All Products
Document Center

Distributed execution and parallel query

Last Updated: Jun 18, 2021

This topic describes distributed execution and parallel query.

Distributed execution

For a distributed system based on the Shared-Nothing architecture, the data of a relational table is stored in partitions on various nodes of the system. So, for a cross-zone data query, the execution plan is required to handle data on multiple nodes. Therefore, OceanBase Database is provided with capabilities to generate and execute distributed execution plans.

For distributed execution plans, partitioning improves query performance. You do not need to partition a small relational table. However, for a large relational table, you need to carefully select the partition key based on requirements of the upper-layer application system. Make sure that most queries can use the partition key for partition pruning, which reduces the data access workload.

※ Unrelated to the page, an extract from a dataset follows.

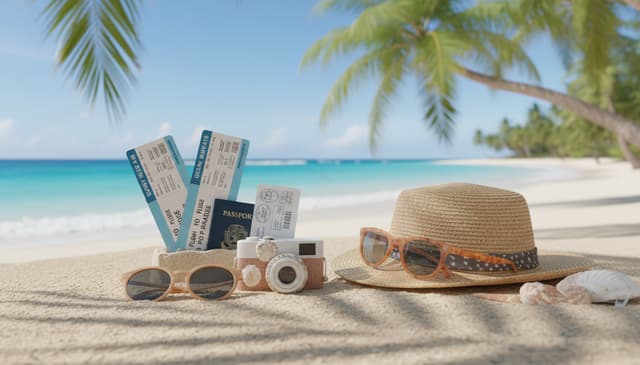 Loty wakacyjne: praktyczny przewodnik po najlepszych ofertach 2024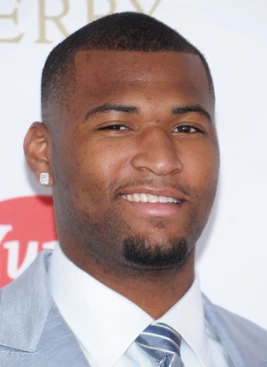 DeMarcus Cousins - athletespeakers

We recommend that you use the join key as the partition key for related tables and apply the same partitioning method to configure the same partitions on the same node by using TABLE GROUP, to reduce cross-node data interaction.

The optimizer of OceanBase Database automatically generates a distributed execution plan based on the physical distribution of queries and data.

Parallel query

A parallel query refers to the process of restructuring an execution plan to increase its CPU resources and I/O processing capacity, and thus reduce the system response time to the corresponding query. The parallel query technology applies to both distributed and local execution plans.

When a single query involves access to data stored on different nodes, you need to fetch such data to the same node for computing through data redistribution. The system takes each data redistribution node as the upper and lower boundaries to vertically divide each execution plan of OceanBase Database into multiple Data Flow Objects (DFOs). Each DFO is split into tasks of specified parallelism to improve the execution efficiency by running tasks in parallel.

Generally, higher parallelism leads to shorter response time to the query, but it requires more CPU, I/O, and memory resources to execute the query. For Decision Support Systems (DSS) or data warehouses that support querying massive amounts of data, the response time is shortened.

Generally, the execution plan of a parallel query is similar to a distributed execution plan in the execution logic. After an execution plan is decomposed, each part of it is executed by multiple execution threads. Concurrent execution of DFOs of an execution plan and tasks within a DFO is achieved through scheduling. Parallel queries are ideal for batch update, index creation, and index maintenance in online transaction processing (OLTP) scenarios.

Parallel queries can effectively improve the processing performance when the system meets the following conditions:

  • Sufficient I/O bandwidth

  • Low CPU utilization

  • Adequate memory resources

So, if the system does not have sufficient resources for additional parallel processing tasks, you cannot improve the execution performance by using parallel queries or increasing the parallelism of the tasks. On the contrary, when the application system is overloaded, the operating system has to take more scheduling tasks, such as context switching and page switching, which may degrade its performance.

Generally, for DSS systems of a large number of partitions and data warehouses, parallel execution can reduce the response time. For simple DML operations, intra-partition queries, or queries across a small number of partitions, parallel queries cannot significantly reduce the response time.

Note that the performance bottleneck of any part of a system will become a point that restricts the performance of the entire system. Therefore, to achieve the best performance through parallel queries, you need to properly configure every part of the system.